— ABOUT THIS TASK —
Could you return every record below word for word, leaving out the pictures?

— Image-text web data —

——

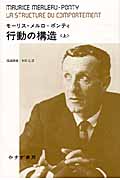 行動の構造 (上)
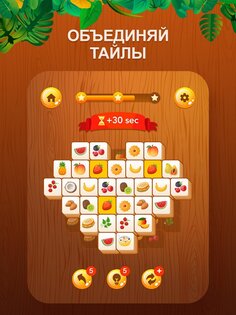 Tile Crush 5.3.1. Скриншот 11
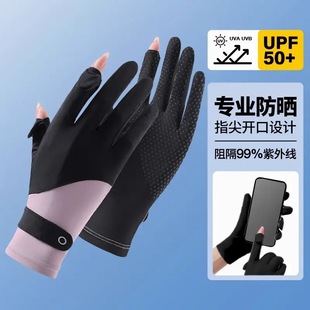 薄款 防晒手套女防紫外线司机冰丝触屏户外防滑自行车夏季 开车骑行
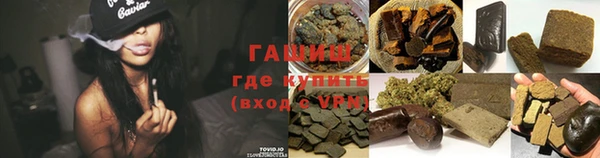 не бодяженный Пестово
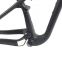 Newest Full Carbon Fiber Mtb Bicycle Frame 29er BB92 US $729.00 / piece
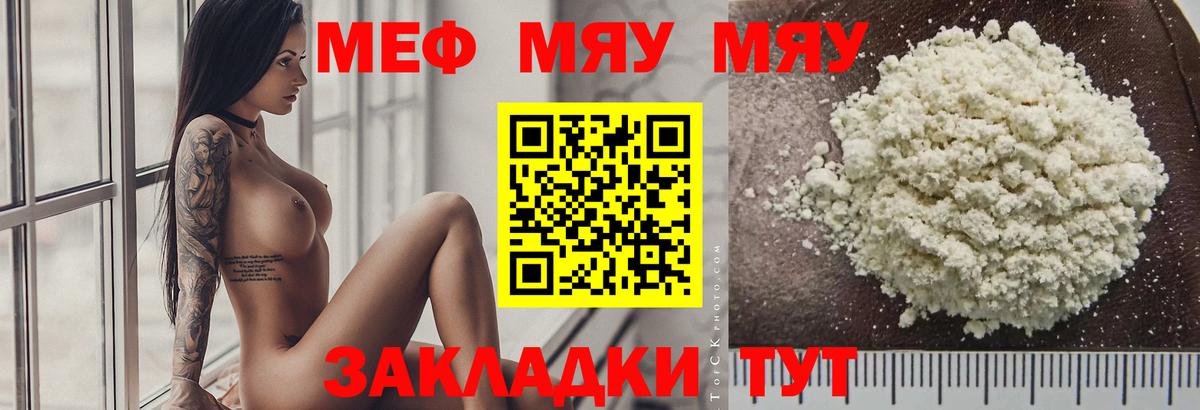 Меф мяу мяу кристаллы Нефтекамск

——

— RESPONSE TO THE EXERCISE —
 行動の構造 (上)
 Tile Crush 5.3.1. Скриншот 11
 薄款 防晒手套女防紫外线司机冰丝触屏户外防滑自行车夏季 开车骑行
 не бодяженный Пестово
 Newest Full Carbon Fiber Mtb Bicycle Frame 29er BB92 US $729.00 / piece
 Меф мяу мяу кристаллы Нефтекамск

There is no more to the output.